*EXERCISE:* When you reach the line with "Opel Frontera 100kW" in the records below, begin transcribing exactly and continue up to and including the line with "Adore Me Brittani", leaving out every picture.
*** Opening of DATA SUPPLIED ***
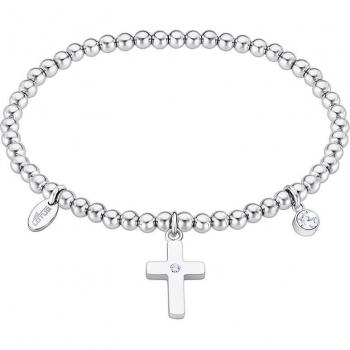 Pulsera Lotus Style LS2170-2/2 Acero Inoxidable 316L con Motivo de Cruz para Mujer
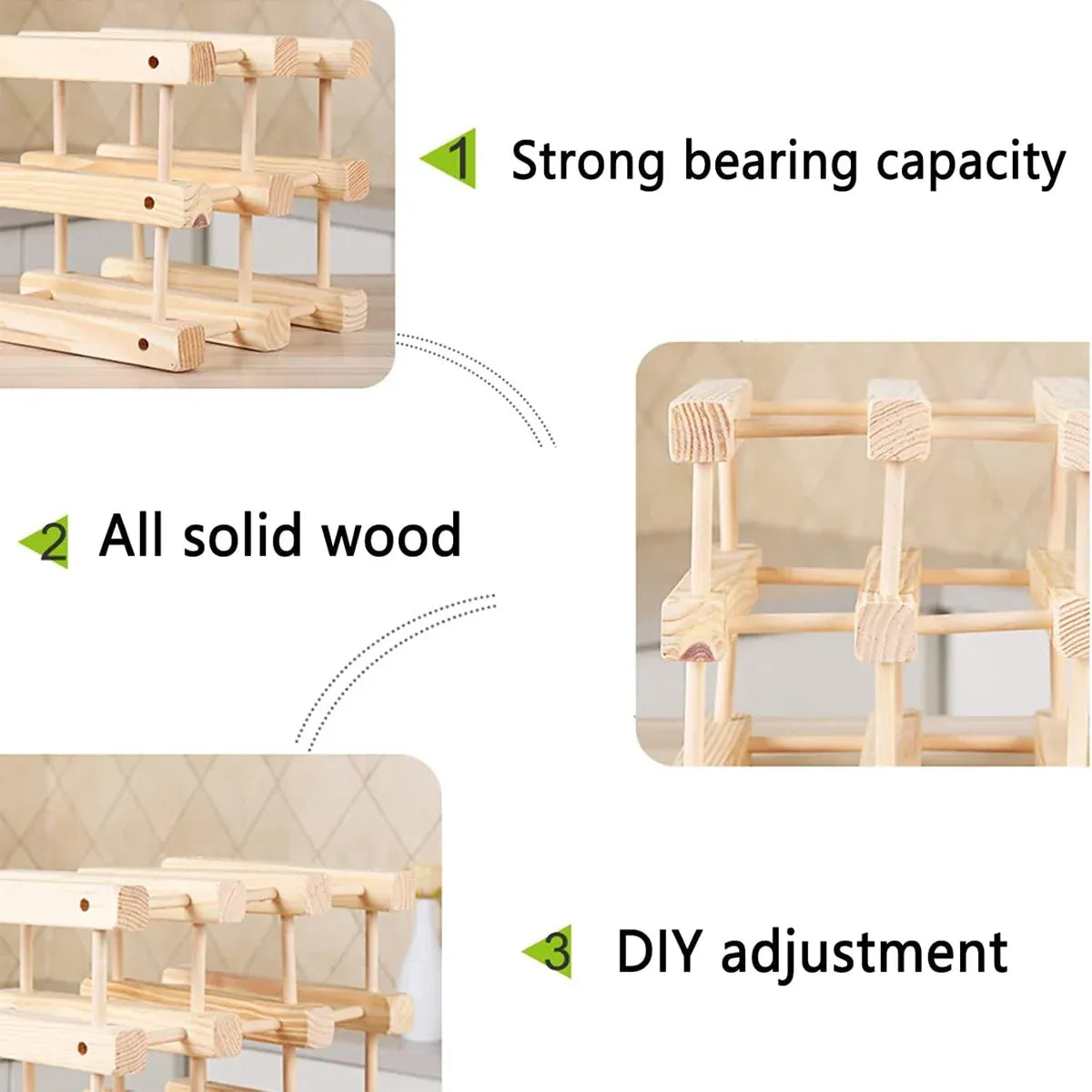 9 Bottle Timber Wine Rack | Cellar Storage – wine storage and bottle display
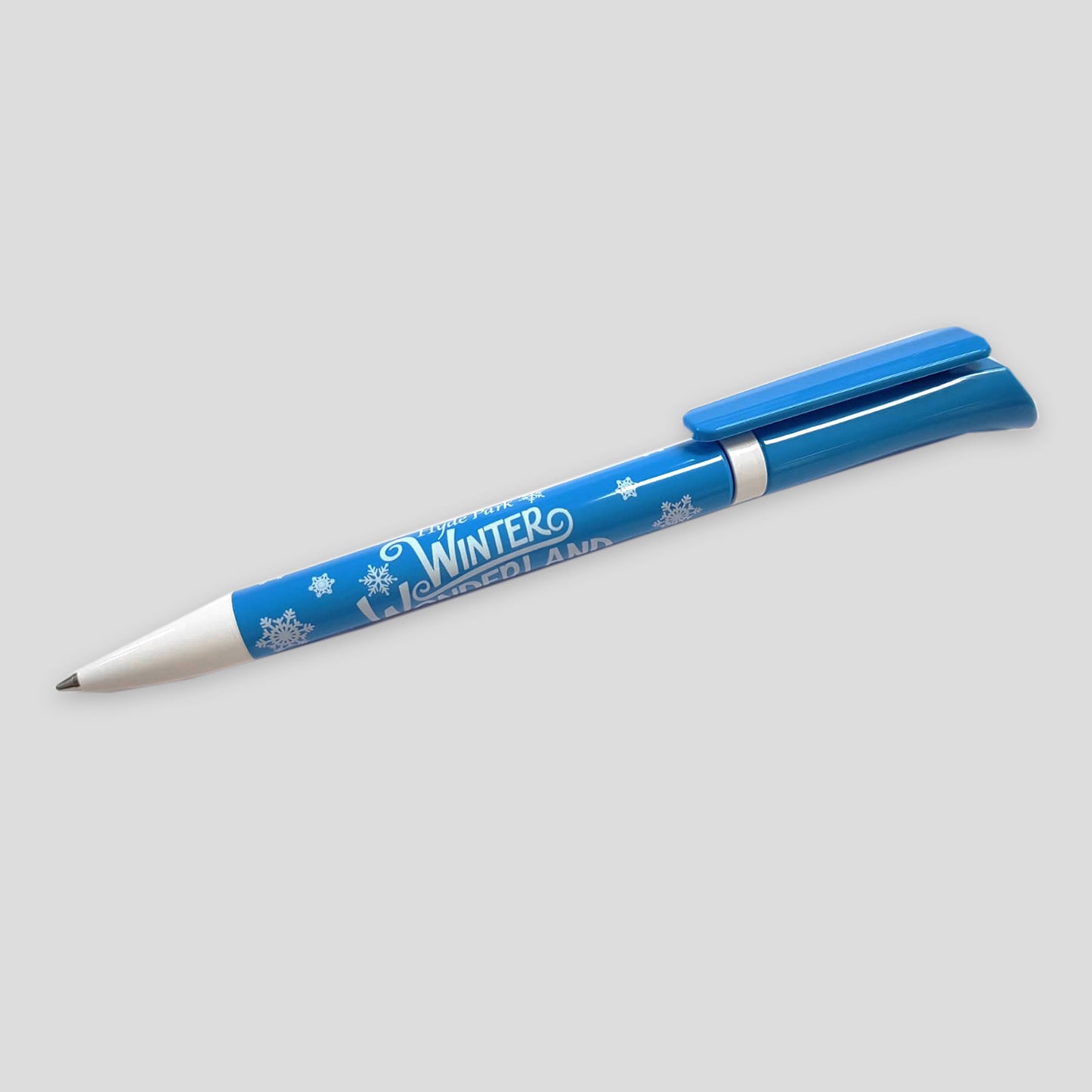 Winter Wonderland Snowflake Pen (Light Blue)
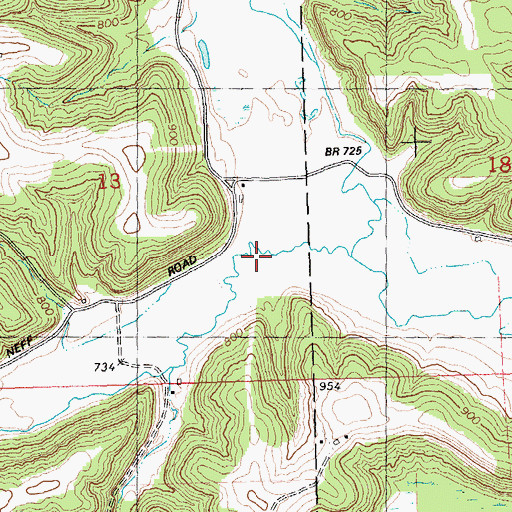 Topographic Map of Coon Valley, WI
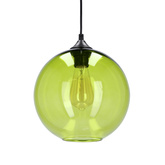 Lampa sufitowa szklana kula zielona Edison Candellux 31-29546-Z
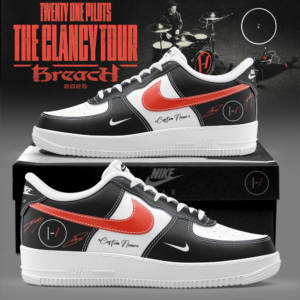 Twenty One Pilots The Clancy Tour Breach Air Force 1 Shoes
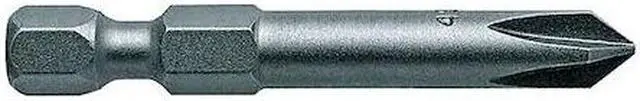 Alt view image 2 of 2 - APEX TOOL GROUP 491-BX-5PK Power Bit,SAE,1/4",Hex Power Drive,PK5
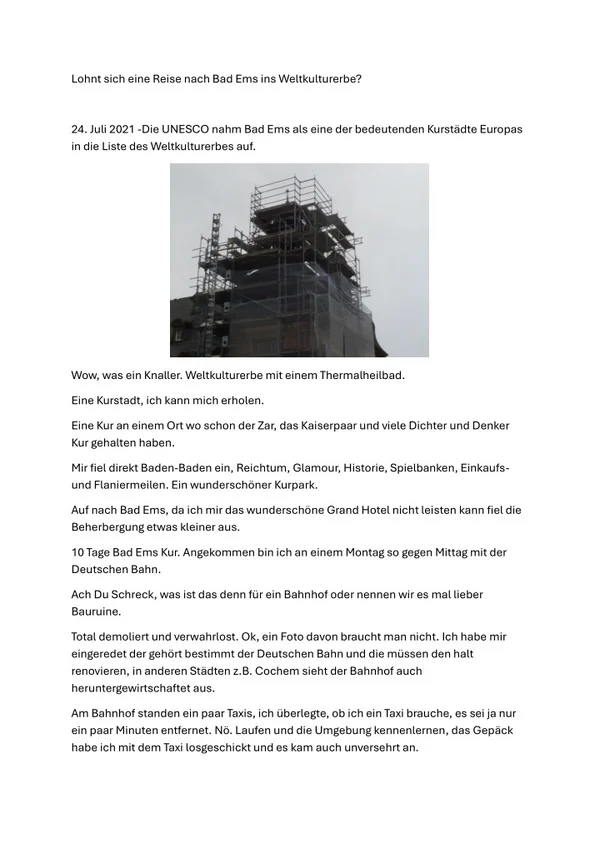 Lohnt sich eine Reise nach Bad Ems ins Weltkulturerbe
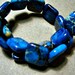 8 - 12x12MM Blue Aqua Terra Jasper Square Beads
*** Close of DATA SUPPLIED ***
*** Opening of DATA SUPPLIED ***
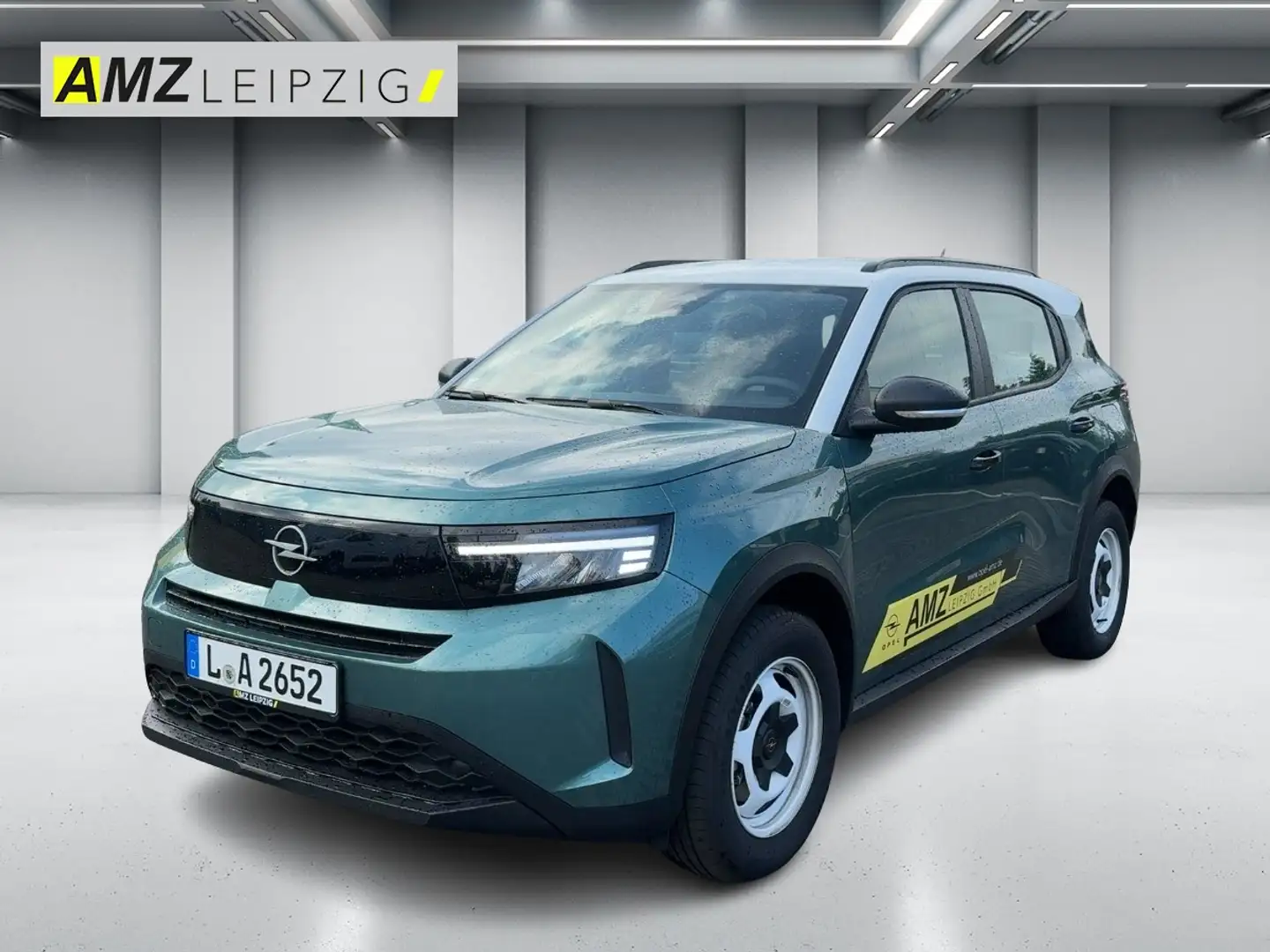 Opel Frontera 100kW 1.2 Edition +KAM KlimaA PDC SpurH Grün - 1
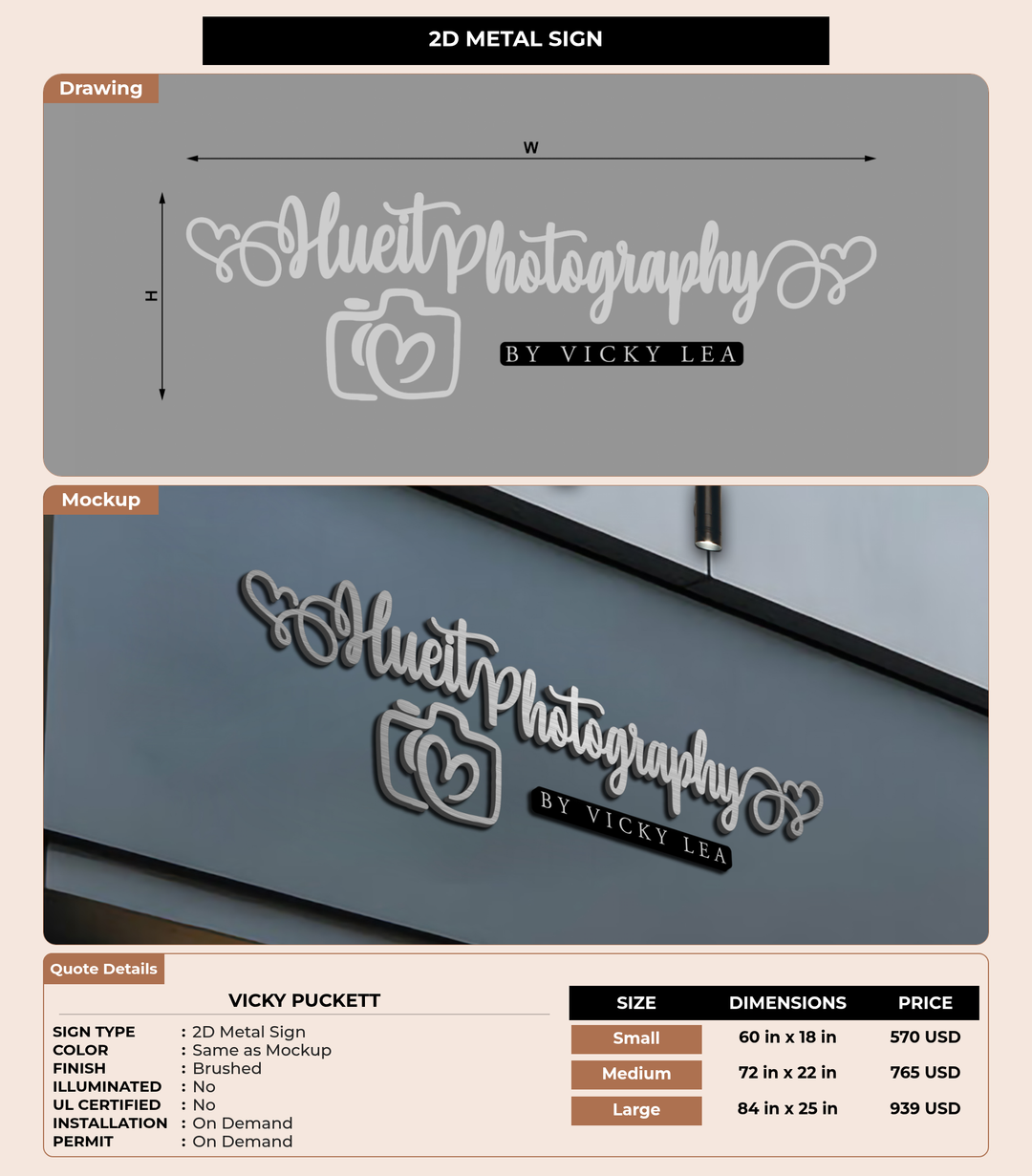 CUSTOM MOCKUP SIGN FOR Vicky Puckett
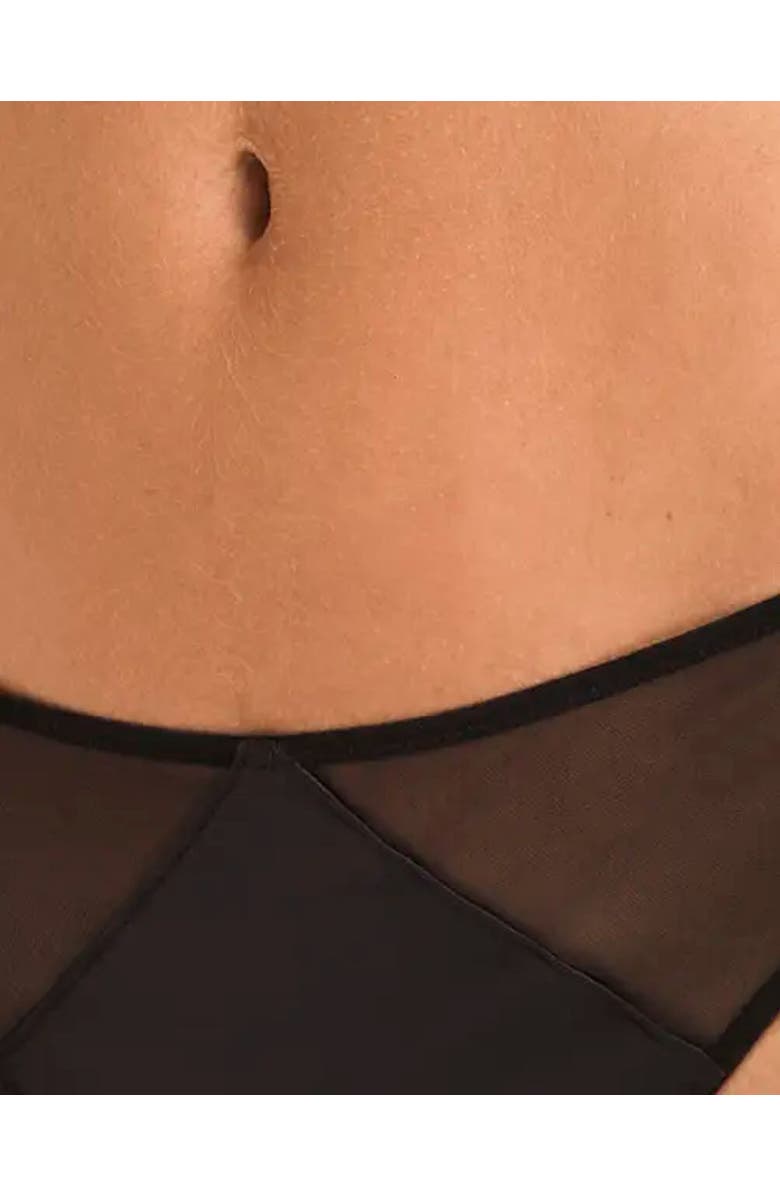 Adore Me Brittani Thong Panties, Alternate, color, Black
*** Close of DATA SUPPLIED ***
*** Opening of DATA SUPPLIED ***
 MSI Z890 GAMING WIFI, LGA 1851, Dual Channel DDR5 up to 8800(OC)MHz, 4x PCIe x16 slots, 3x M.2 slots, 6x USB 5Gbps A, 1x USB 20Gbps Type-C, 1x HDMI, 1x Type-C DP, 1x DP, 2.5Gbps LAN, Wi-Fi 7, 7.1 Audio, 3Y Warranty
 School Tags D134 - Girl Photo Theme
*** Close of DATA SUPPLIED ***
*RESPONSE BELOW:*
 Opel Frontera 100kW 1.2 Edition +KAM KlimaA PDC SpurH Grün - 1
 CUSTOM MOCKUP SIGN FOR Vicky Puckett
 Adore Me Brittani Thong Panties, Alternate, color, Black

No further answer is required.